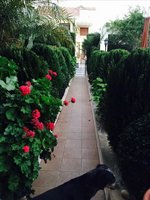 4 bedrooms Villa in Limassol, Cyprus No. 1806 - Image 12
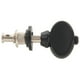 thumbnail image 4 of 8 Clavijas de Afinacion Pin para Ukulele Y Distintos Instrumentos - Negro, 4 of 5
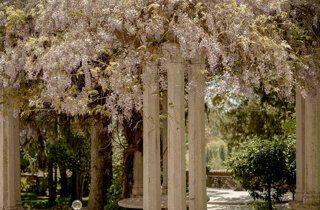 483-dsc_3741.jpeg 483-dsc_3741.jpeg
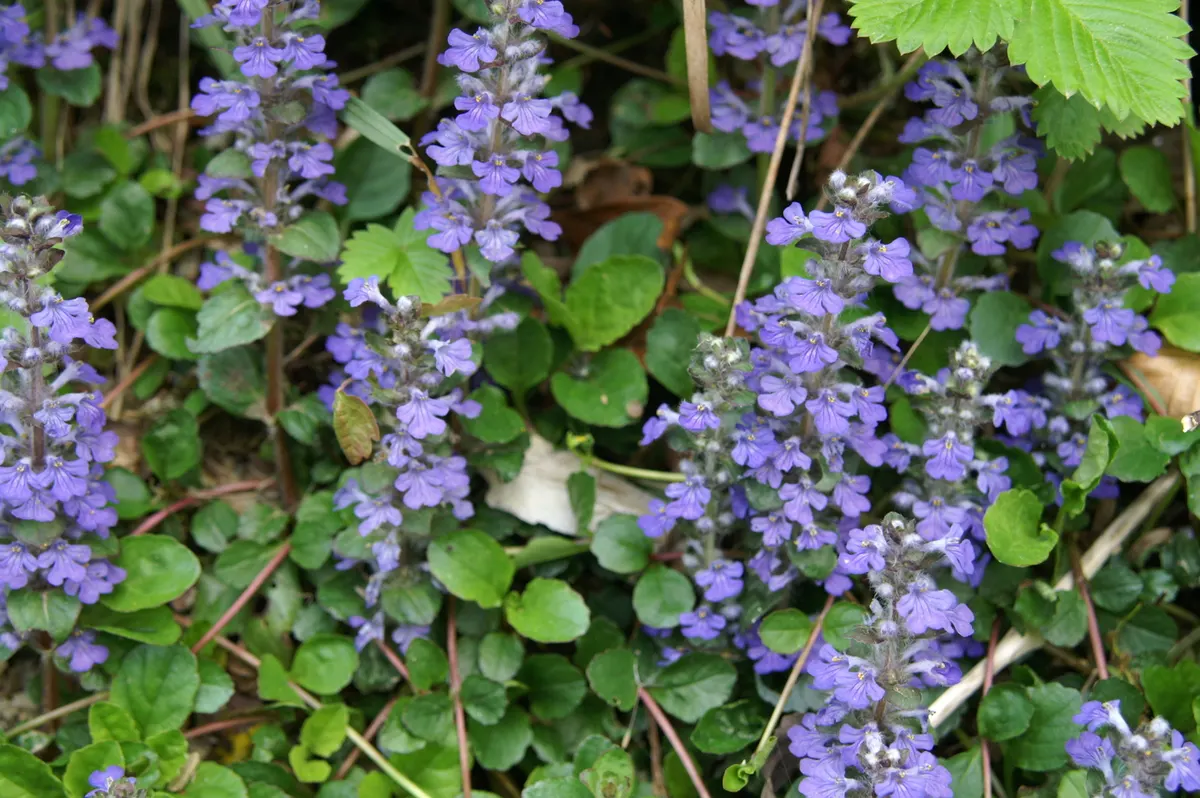 Carpet Bugle (Ajuga Reptans) — evergreen ground cover reaching around 6 inches in height and spreading up to 28 inches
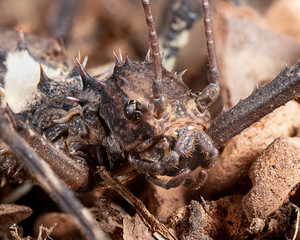 Giant Bornoe Stick Insect close up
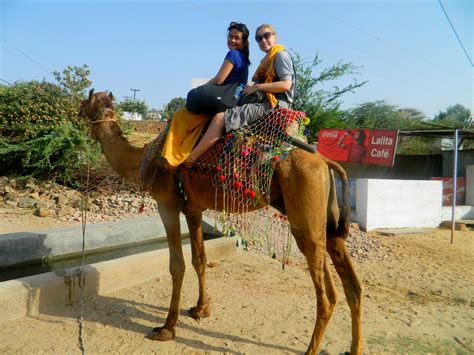 Indian Desert Safari in Pushkar, Rajasthan - Travel Moments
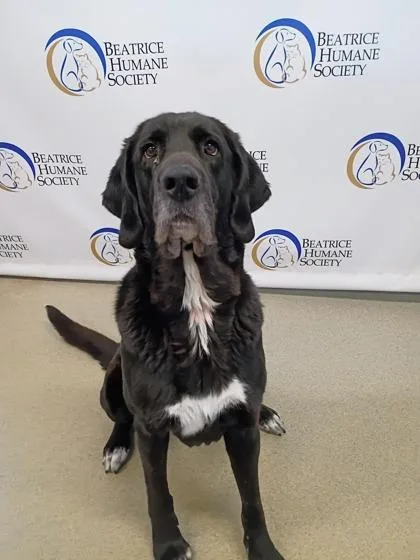 Lady Bird thumbnail 2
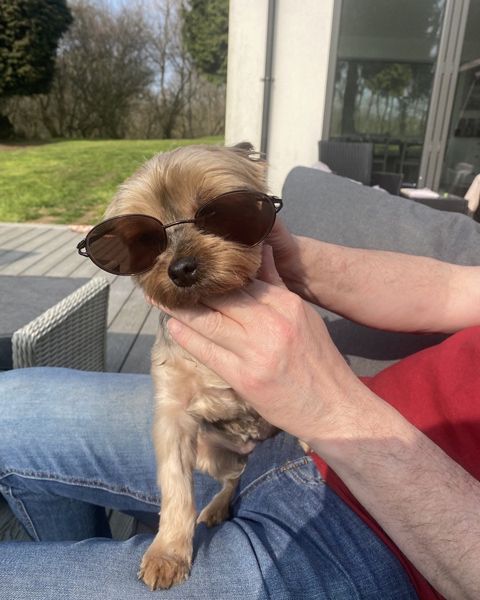 coleen nolan dog mica sunglasses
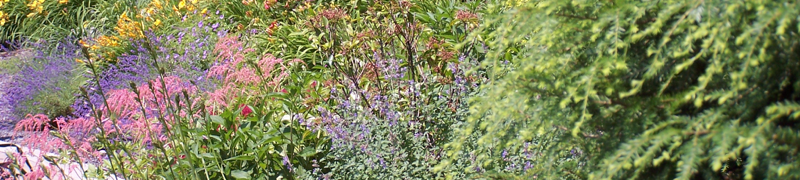 estimate-your-landscape-project-accurately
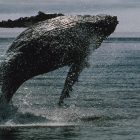 Киты Bitcoin купили $16.7 млрд за 2 недели на фоне рекордного оттока из ETF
-------------------------
PROBLEM DESCRIPTION: Leaving out the pictures, restate word for word the lines above from the one containing "Indian Desert Safari" through the end of the records, both ends included.

SOLUTION TO THIS TASK:
 Indian Desert Safari in Pushkar, Rajasthan - Travel Moments
 Lady Bird thumbnail 2
 coleen nolan dog mica sunglasses
 estimate-your-landscape-project-accurately
 Киты Bitcoin купили $16.7 млрд за 2 недели на фоне рекордного оттока из ETF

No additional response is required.